An agnostic observation on machine-originated works and copyright


In the field of copyright law, the concept of authorship has generally been based upon the assumption that the author is a human being. As businesses have increasingly begun to harness, interrogate and manipulate big data, a new type of author – the machine – has emerged which fundamentally tests this assumption.

By stretching our imagination a little into the future, it is possible to map out four stages in this evolution of authorship:

1Human beingthe work is authored by a human being with no use of machines
2Machine-assistedthe work is authored by a human being who utilises a machine in the process (for example, Computer Aided Design)
3Insentient machinethe work is originated by an artificially intelligent machine based upon interrogation of data and without human intervention or input in the creative process (for example, music created by Deep Mind software)
4Sentient machinethe work is originated by an artificially intelligent machine which is self-aware, introspective and intends to create the work, without human intervention or input.


The current debate around artificial intelligence and copyright authorship is primarily concerned with stage 3 and, in particular, whether a machine originator of a work should be treated in an equivalent manner to a human author? This question is not merely an academic flight of fancy but one to which the answer will have significant commercial consequences.

Plenty has already been written about the status quo of copyright regimes around the world and how they might apply to works originated by machines. In Europe, for example, the subsistence requirement of the “author’s own intellectual creation” suggests that intellect (and therefore human creativity) is a pre-condition for copyright protection of a work. In the USA, in its most recent ‘Compendium of Practices’ the US Copyright Office has confirmed that it will only register works created by a human being and that works created by a machine that operates randomly or automatically without any creative intervention or input from a human being are uncopyrightable.

If these sort of approaches are applied rigidly, works originated by insentient machines without human involvement in the creative process will be rendered copyright-free. This is an observation rather than a criticism but if such a path is followed it is not entirely clear where it may lead. What, for example, would be the long-term effect on the continued production and value of copyright-protectable works authored by human beings? We don’t really know. A human hand-crafted work of artistic craftsmanship might be valued more highly than a machine-originated equivalent and yet an increase in the supply of such equivalents might also drastically reduce the market price of the former.

Conversely, some jurisdictions already have provisions which could plug this copyright gap (if indeed it is a gap). Section 9(3) of the UK’s Copyright, Designs and Patents Act 1988 provides that the author of a “computer generated” work shall be taken to be “the person by whom the arrangements necessary for the creation of the work are undertaken”. In this context a “computer-generated” work means one generated by a computer in circumstances such that there is no human author. What this means is that the person ‘making the arrangements’ is rewarded with copyright ownership as a result of a creative process undertaken largely or exclusively by a machine.
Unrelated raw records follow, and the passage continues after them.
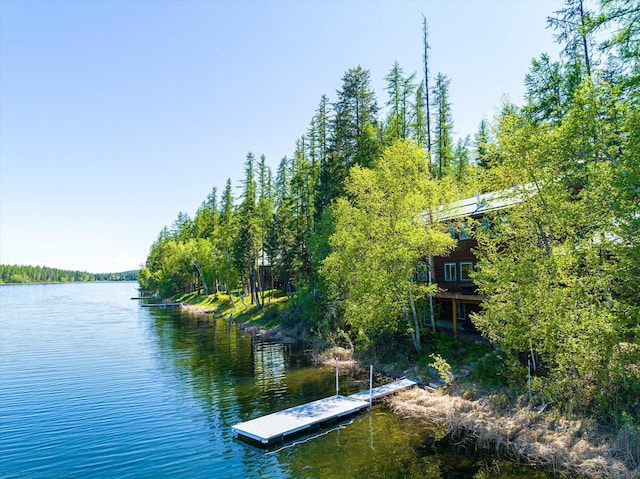 655 Leksand Trl, Whitefish, MT 59937 - dock with a water view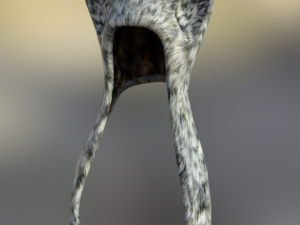 kitty hats fantasy 3D Model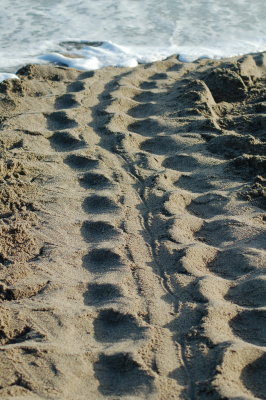 Leatherback Tracks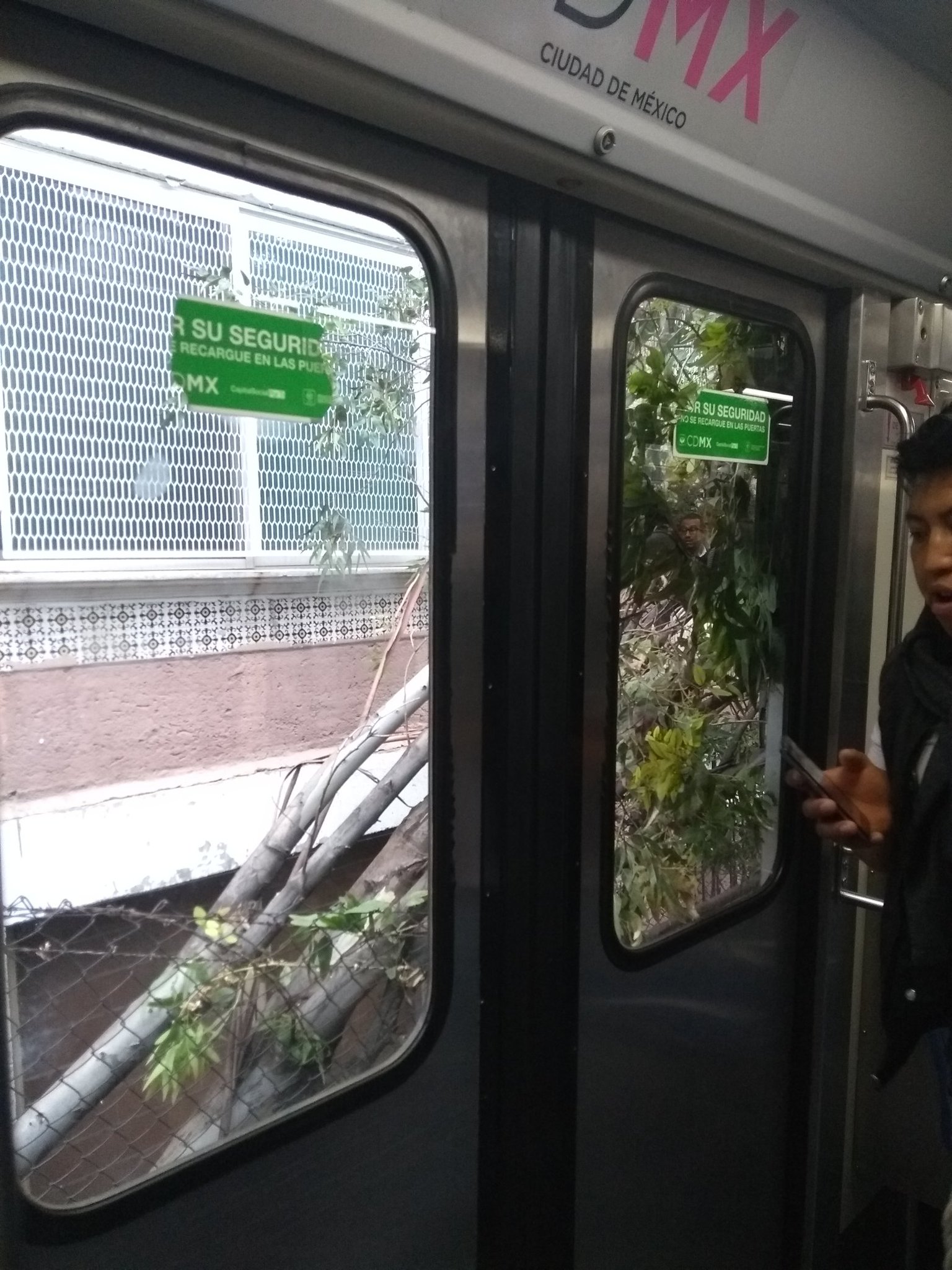 El árbol cayó cuando iba pasando el Tren Ligero.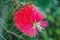 Callistemon pink flower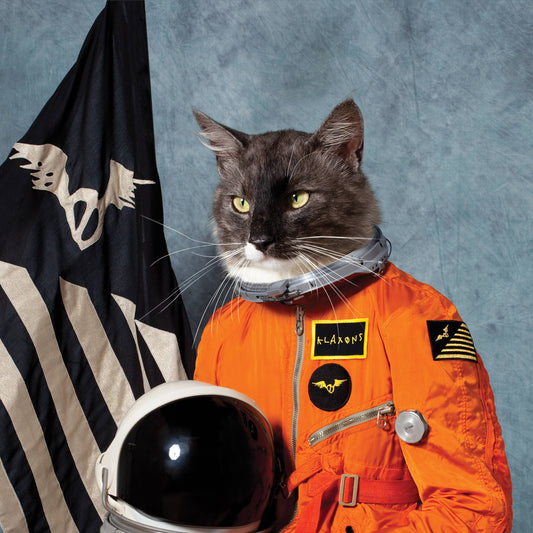 Surfing the Void RSD 2020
That might be viewed as somewhat at odds with some of the more traditional justifications for rewarding creators with copyright for their own endeavours, such as those based upon Lockean and Hegelian theories, rather than receiving what looks like a windfall for the creative labour of a machine. It is also perhaps unlikely that such an approach would be adopted as part of a global consensus (for example, by amending or augmenting the WIPO Copyright Treaty to align it with this approach).

A more globally palatable answer may lie somewhere between the ‘gap’ and the ‘windfall’ such as introducing a sui generis right for machine-originated works which rewards the investment of resources – human, financial, or technical – in the machine that ultimately creates those works. While this would result in one of two different legal rights protecting the same type of work depending upon the mode of creation (human or machine), with the ultimate beneficiary a human being, it would also enable a distinction to be made between the rationales for providing that protection and the scope of it. For example, in recognition of the increasing advantages that machines are likely to have over human beings in creating and producing works (such as the speed, accuracy and cost of production) there may be a case to make any sui generis right ‘copyright-lite’, with a shorter period of protection than that available for human authored works.

Whether any differential treatment of authorship between humans and machines could be sustained or justified at stage 4 is a far more difficult question to answer, although one which is unlikely to require addressing any time soon. For stage 4, algorithms would require the ‘singularity’ necessary to be capable of learning as a human would, simulating multiple intelligence types that would make their operation almost impossible to distinguish from human behaviour. That is still something of a pipe dream in 2018.